Reporting this week in the Journal of Biogeography researchers at British Antarctic Survey (BAS) describe how colonies of seabed creatures, such as sea sponges – that play an important role in absorbing and storing carbon from the atmosphere – can take thousands of years to recover from major glaciation events.
A key ambition for the study was to use biology to investigate two conflicting theories about the extent of ice cover during the period when the ice sheet was at its greatest extent. Whilst some researchers estimate the sheet was largely confined to fjords around the subantarctic island of South Georgia, others suggest it could have extended across the continental shelf.
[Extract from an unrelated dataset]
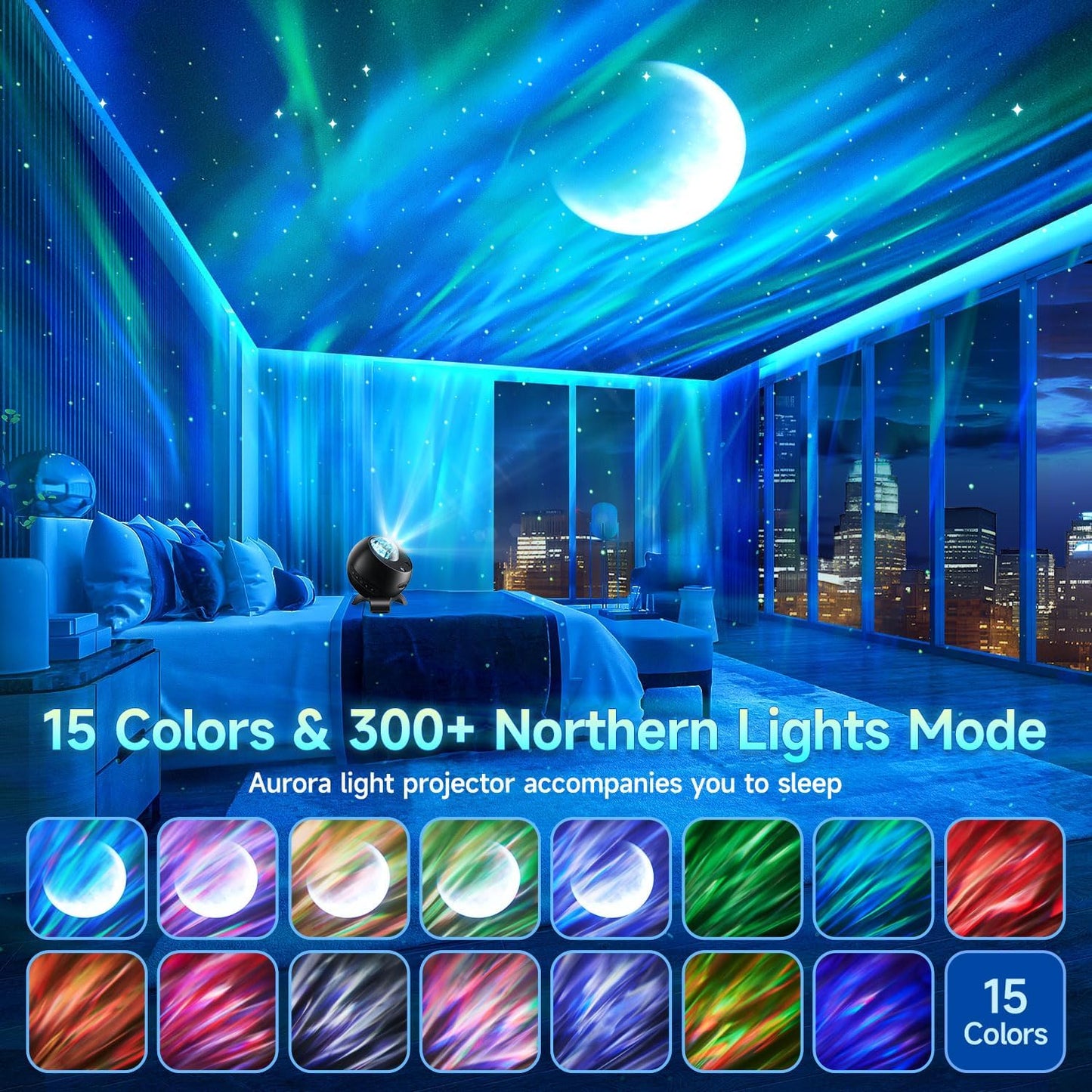 Northern Galaxy Light Projector, 300+Modes & 5 Films Star Projector, 1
This new study suggests an intermediate cover. The ice sheet probably extended over most of the continental shelf (covering an area of 40,000km2), but some of the eastern sector and troughs in the shelf appear to have remained ice free. There is evidence that seabed creatures survived in the ice-free zones whilst in other areas they were removed by grounded ice.
The scientists used an underwater camera lander and a trawl to survey seabed fauna around the continental shelf. They found the fauna was richer at the edge where the advancing ice sheet had transported boulders, rocks and sediments (areas known as moraines). This process could have potentially bulldozed all seabed life off the continental shelf. Only animals at the outer edge, on these moraines, were able to survive.
Lead author David Barnes, from BAS, says:
“Biology can tell us a lot about ice sheet extent during the last glaciation and the survival of ocean ecosystems. Remarkably it seems that most seabed species, especially the less mobile ones, have not moved far back to recolonize the coast the inner shelf and coastal areas despite having thousands of years to recover. Only the more mobile species such as Antarctic sea spiders and brittle-stars have managed to make their way back. It is reasonable to conclude that most of the continental shelf is still undergoing recolonisation 20,000 years after the grounded ice started to retreat.”
Co-author, Chester Sands, a molecular ecologist at BAS, says there are considerable implications for marine conservation:
“This study gives us a clearer understanding about this important Southern Ocean ecosystem. This subantarctic region is biologically diverse and an important habitat for rare and endemic species. Long-term conservation monitoring plans will benefit from this new knowledge.”
Funding for this research came from the UK’s Darwin Initiative. Deployments of the underwater camera and trawls took place during the 2011 and 2013 research cruises of the RRS James Clark Ross.
The paper: “Biodiversity signature of the Last Glacial Maximum at South Georgia, Southern Ocean” by David Barnes, Chester Sands, Oliver Hogg, Ben Robinson, Rachel Downey and James Smith is published by the Journal of Biogeography.